Destination Maternity
Sales: $94.2 million | YoY: -8.7%
Comps: -7.2%
Operating income: $1.6 million | YoY: $-0.1 million
Net income: $130,000 | YoY: -$84 million
Debt: $22.3 million
Highlights: Chief Financial Officer Dave Helkey described the start to the year, with its 7.2% fall in comps, as "challenging." The report of the sales and profit declines at the apparel retailer joined news that its CEO, Marla Ryan, agreed to step down. Ryan is to stay on during the transition as part of the "Office of the CEO" group — along with Helkey and board member Lisa Gavales — which will direct the company as it searches for a new chief.
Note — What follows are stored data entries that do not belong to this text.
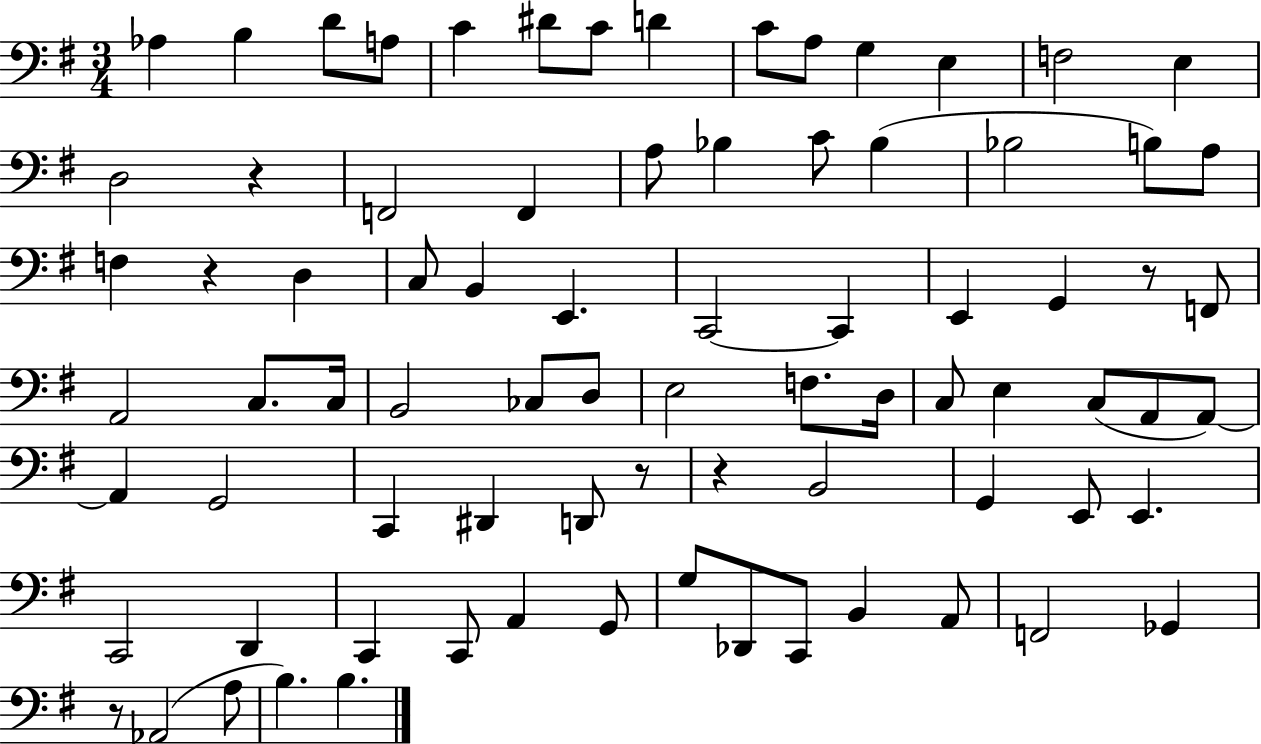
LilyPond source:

{
  \clef bass
  \numericTimeSignature
  \time 3/4
  \key g \major
  \repeat volta 2 { aes4 b4 d'8 a8 | c'4 dis'8 c'8 d'4 | c'8 a8 g4 e4 | f2 e4 | \break d2 r4 | f,2 f,4 | a8 bes4 c'8 bes4( | bes2 b8) a8 | \break f4 r4 d4 | c8 b,4 e,4. | c,2~~ c,4 | e,4 g,4 r8 f,8 | \break a,2 c8. c16 | b,2 ces8 d8 | e2 f8. d16 | c8 e4 c8( a,8 a,8~~) | \break a,4 g,2 | c,4 dis,4 d,8 r8 | r4 b,2 | g,4 e,8 e,4. | \break c,2 d,4 | c,4 c,8 a,4 g,8 | g8 des,8 c,8 b,4 a,8 | f,2 ges,4 | \break r8 aes,2( a8 | b4.) b4. | } \bar "|."
}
Ryan's departure adds to the management turnover at the troubled retailer. She had joined in November, and had previously joined the board as part of a "dissident" group of directors installed by activist investors. And the permanent CEO Ryan replaced had lasted for just months as well. It's yet another hiccup in a rocky turnaround effort, which has seen Destination Maternity closing stores and wrestling with margin losses and inventory piles.
Francesca's
Sales: $87.1 million | YoY: -13.2%
Comps: -13%
Operating income: -$9.7 million | YoY: -$5.2 million
Net income: -$10.1 million | -$6.3 million
Debt: $10 million
Highlights: Coming out of Q1, Francesca's said it would close at least 30 stores and hold off on remodels until its finances stabilize. It closed eight underperforming stores during Q1, though it added three as well and does plan to open another. Interim CEO Michael Prendergast said Thursday morning that Q1 results met management's expectations, and that changes to its merchandising have begun to pay off.
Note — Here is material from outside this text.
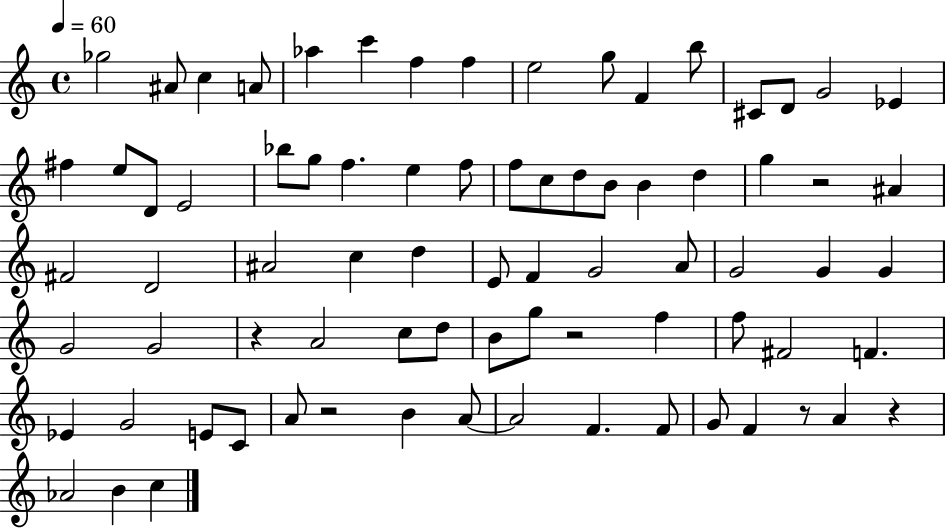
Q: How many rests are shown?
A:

"Based on the success of our newer product, we have decided to accelerate markdowns on slower selling legacy product with the goal of selling it through by the end of the second quarter," he said in a statement. "As the composition of our inventory continues to improve with a higher percentage of new product, we believe we can drive meaningful improvement in comparable sales in the second half of the year."
Tailored Brands:
Sales: $781.4 million | YoY: -4.5%
Comps: -3.2%
Operating income: $30.3 million | -$22.6 million
Net income: $7.1 million | YoY: -$6.8 million
Debt: $1.2 billion
Highlights: Comparable sales fell across all of Tailored Brands banners in Q1. The declines were most dramatic at Men's Wearhouse, where comps fell 4.5%, and Moores, where they shrank 4.6%. Jos. A. Bank and K&G performed relatively better, but comps were still negative, falling 0.7% and 0.5% respectively. CEO Dinesh Lathi said that earnings outperformed expectations, as did sales at Jos. A. Bank and K&G.
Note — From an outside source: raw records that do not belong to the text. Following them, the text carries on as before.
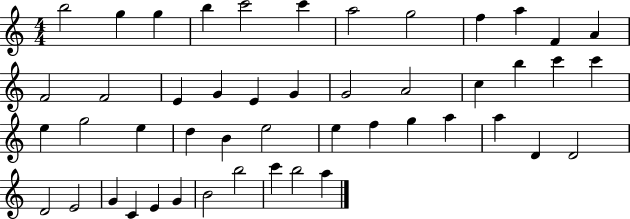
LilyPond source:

{
  \clef treble
  \numericTimeSignature
  \time 4/4
  \key c \major
  b''2 g''4 g''4 | b''4 c'''2 c'''4 | a''2 g''2 | f''4 a''4 f'4 a'4 | \break f'2 f'2 | e'4 g'4 e'4 g'4 | g'2 a'2 | c''4 b''4 c'''4 c'''4 | \break e''4 g''2 e''4 | d''4 b'4 e''2 | e''4 f''4 g''4 a''4 | a''4 d'4 d'2 | \break d'2 e'2 | g'4 c'4 e'4 g'4 | b'2 b''2 | c'''4 b''2 a''4 | \break \bar "|."
}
The retail company plans new brand campaigns for Men's Wearhouse and Jos. A. Bank while emphasizing its custom business, including by testing custom suit selections via tablet. "I'll remind you that we still have work ahead of us both to transform our customer-facing experience to one that can generate sustainable and profitable growth and to execute and invest in a more focused manner with a clear goal of continuing to generate solid free cash flow while we transform the experience," Lathi said on an analyst call.